The make-or-buy decision is the action of deciding between manufacturing an item internally (or in-house) or buying it from an external supplier (also known as outsourcing). Such decisions are typically taken when a firm that has manufactured a part or product, or else considerably modified it, is having issues with current suppliers, or has reducing capacity or varying demand.

Another way to define make-or-buy decision that is closely related to the first definition is this: a decision to perform one of the activities in the value chain in-house, instead of purchasing externally from a supplier. A value chain is the complete range of tasks – such as design, manufacture, marketing and distribution of a product / service that businesses must get done to take a service or product from conception to their customers.

Some companies manage all of the tasks in the value chain from manufacturing raw materials all through to the ultimate distribution of the completed goods and provision of after-sales services. Some other companies are happy just to integrate on a smaller scale by buying a lot of the parts and materials that are required for their finished products. When a business is involved in more than one activity in the whole value chain, it is vertically integrated. This kind of integration is quite common.

Vertical integration provides its own set of advantages. An integrated company depends less on its suppliers and so can be certain of a smoother flow of materials and parts for the manufacture than a non-integrated company. In addition, some companies believe they can manage quality better by manufacturing their own parts and materials instead of depending on the quality control standards of external suppliers. What’s more, an integrated company realizes revenue from the parts and material that it is “making” rather than “buying” in addition to income from its usual operations.

The benefits of vertical integration are counterbalanced by the benefits of using outside suppliers. By combining demand from different companie, a supplier can enjoy econoies of scale. These economies of scale can cause better quality and lower expenses than would be possible if the business were to endeavor to manufacture the parts or provide a service by itself. At the same time, a business should be careful to retain control over those tasks that are necessary for maintaining its competitive position. Case in point: Hewlett Packard manages the software for laser printers that it manufactures in collaboration with Canon Inc. of Japan.

In the book “World Class Supply Management” published in 2003, Donald Dobler, Stephen Starling and David Burt provide a rule of thumb for outsourcing. The rule recommends that companies outsource all goods that do not fall into one of the following three classes: 1) the good is critical to the product’s success including customer discernment of key product attributes 2) the good falls well within the firm’s key competencies, or within those the company should develop to accomplish future plans, or 3) the item calls for specialized design and manufacturing equipment or skills.
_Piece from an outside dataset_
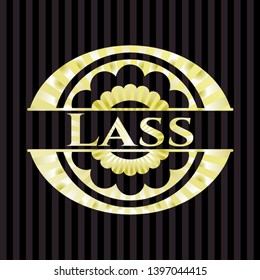 Lass  gold shiny emblem. Vector Illustration. Detailed.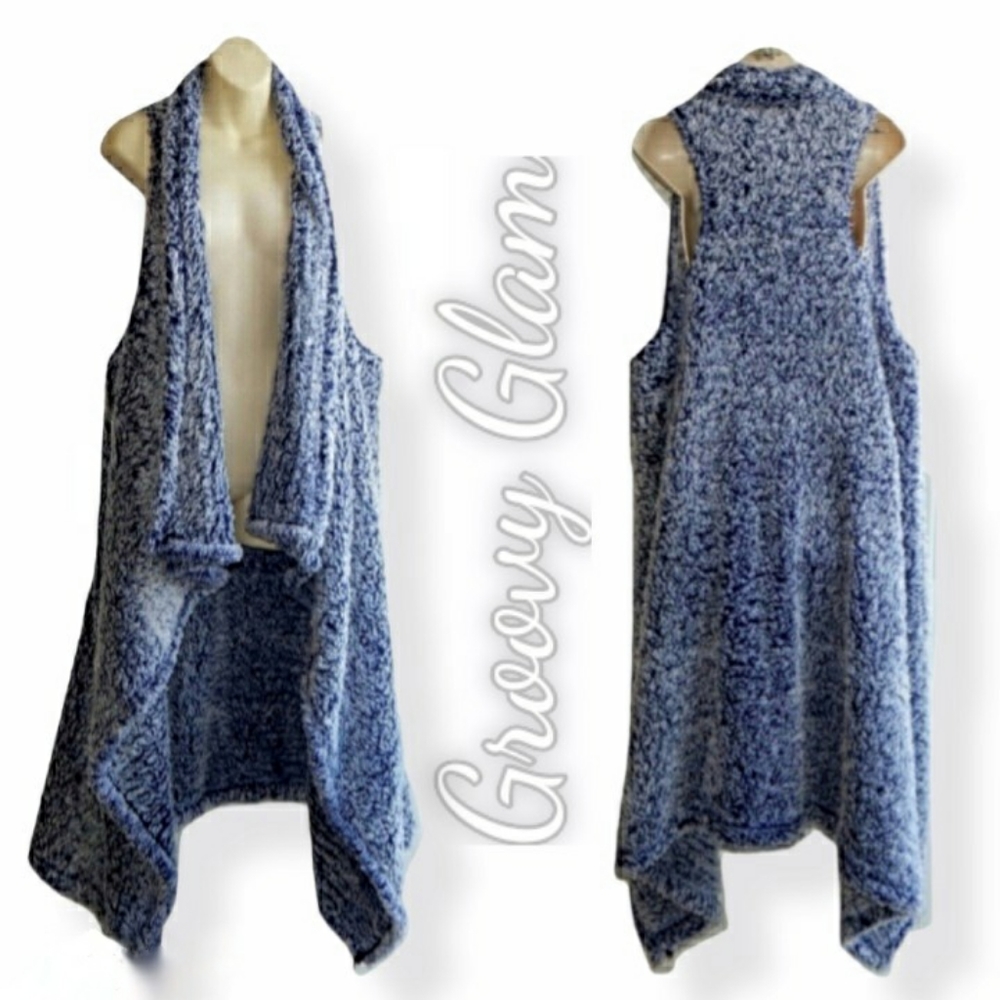 GROOVY GLAM Blue Plush Handmade Long Waterfall Vest Faux Shearling Teddy - Picture 1 of 3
To come to a make-or-buy decision, it is essential to thoroughly analyze, all of the expenses associated with product development in addition to expenses associated with buying the product. The assessment should include qualitative and quantitative factors. It should also separate relevant expenses from irrelevant ones and consider only the former. The study should also look at the availability of the product and its quality under each of the two situations.

Introduction to quantitative and qualitative analysis

Quantitative aspects can be calculated and compared whereas qualitative aspects call for subjective judgment and, frequently require multiple opinions. In addition, some of the associated factors can be quantified with sureness while it is necessary to estimate other factors. The make-or-buy decision calls for a thorough assessment from all angles.

Quantitative aspects are essentially the incremental costs stemming from making or purchasing the component. Factors of this type to look at may incorporate things such as availability of manufacturing facilities, needed resources and manufacturing capacity. This may also incorporate variable and fixed expenses that can be found out either by way of estimation or with certainty. Similarly, quantitative expenses would incorporate the cost of the good under consideration as the price is determined by suppliers offering the product for sale in the marketplace.

Qualitative factors to look at call for more subjective assessment. Examples of such factors include control over component quality, the reliability and reputation of the suppliers, the possibility of modifying the decision in the future, the long-term viewpoint concerning manufacture or purchase of the product, and the impact of the decision on customers and suppliers.

Introduction to relevant and irrelevant expenses

As mentioned earlier, distinguishing between these two kinds of expenses is necessary to come to a make-or-buy decision. Relevant costs for manufacturing the good are all the expenses that could be avoided by not manufacturing the product in addition to the opportunity cost resulting from utilizing production facilities to manufacture the good as against the next best alternative utilization of the manufacturing facilities. Relevant costs for buying the product are all the expenses relating to purchasing a product from suppliers. Irrelevant costs are the expenses involved irrespective of whether the good is produced internally or bought externally.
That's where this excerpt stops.